EXERCISE DIRECTIONS: Reproduce only the lines of the material below that start at the line containing "Fototapete - Laptop" and stop at the line containing "Tavola Side Table with Peach Top/Gold". Keep both end lines.

DATASET ENTRIES:
== Segment start ==

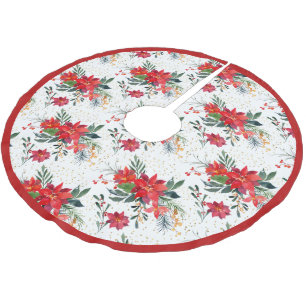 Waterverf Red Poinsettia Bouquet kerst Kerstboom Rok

== Segment end ==
== Segment start ==

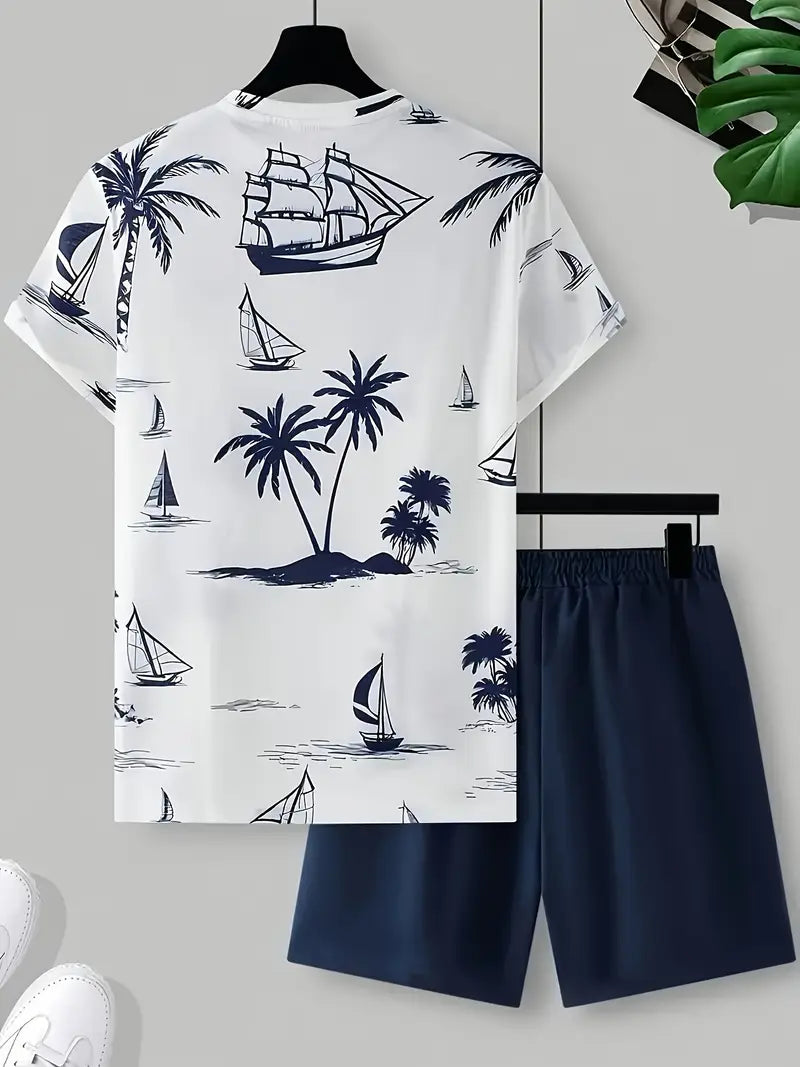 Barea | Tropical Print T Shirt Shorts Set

== Segment end ==
== Segment start ==

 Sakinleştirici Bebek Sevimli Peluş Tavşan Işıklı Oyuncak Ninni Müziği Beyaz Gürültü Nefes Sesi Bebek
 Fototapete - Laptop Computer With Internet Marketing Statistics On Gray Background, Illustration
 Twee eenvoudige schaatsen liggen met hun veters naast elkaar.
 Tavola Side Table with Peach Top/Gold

== Segment end ==

RESULT OF THE TASK:
 Fototapete - Laptop Computer With Internet Marketing Statistics On Gray Background, Illustration
 Twee eenvoudige schaatsen liggen met hun veters naast elkaar.
 Tavola Side Table with Peach Top/Gold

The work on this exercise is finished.